Task directions: Please transcribe only the lines from the one holding "Getting from Athens" through the final line of the data, both included, with no pictures.

-------- Raw data --------

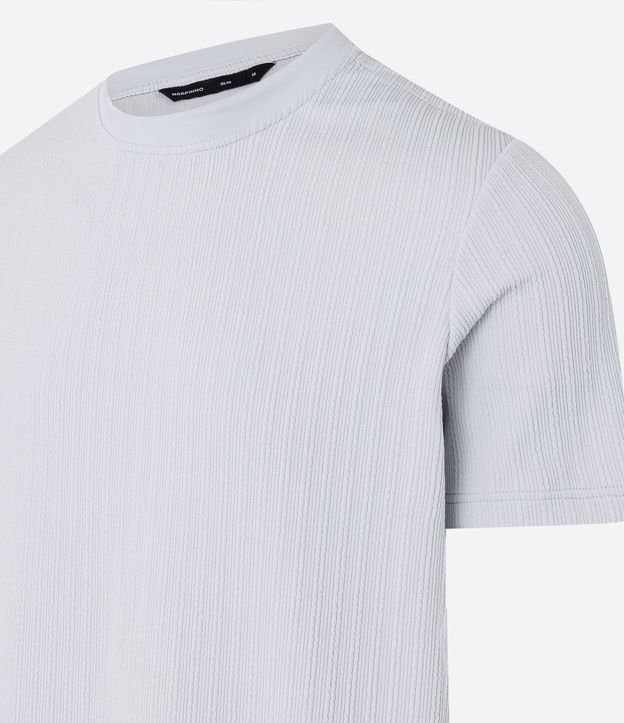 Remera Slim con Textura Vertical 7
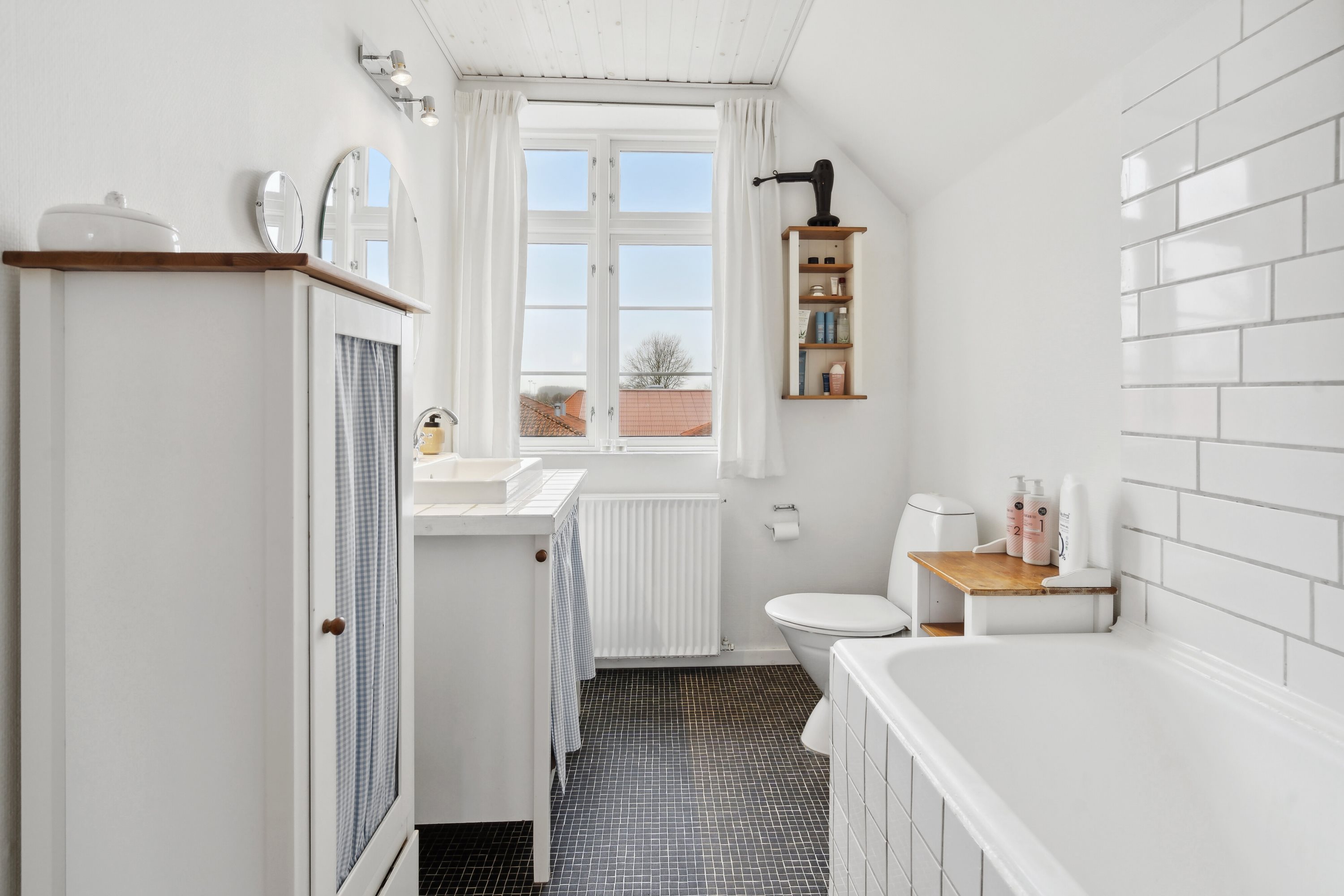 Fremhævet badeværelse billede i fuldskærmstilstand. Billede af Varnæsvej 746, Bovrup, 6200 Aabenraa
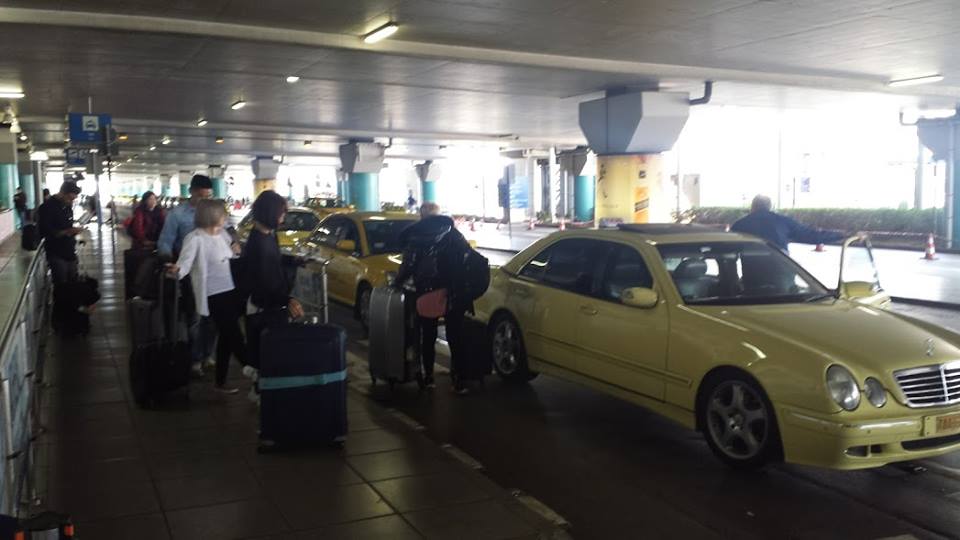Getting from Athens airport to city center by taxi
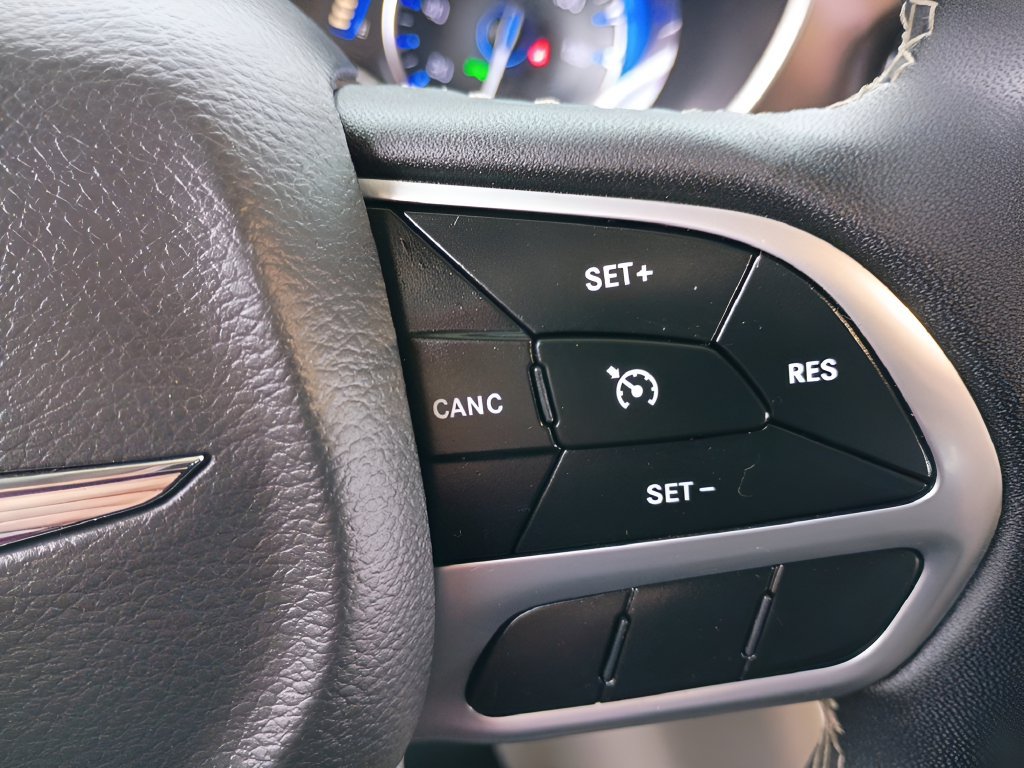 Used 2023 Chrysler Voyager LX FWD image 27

--------

Answer to the problem:
Getting from Athens airport to city center by taxi
 Used 2023 Chrysler Voyager LX FWD image 27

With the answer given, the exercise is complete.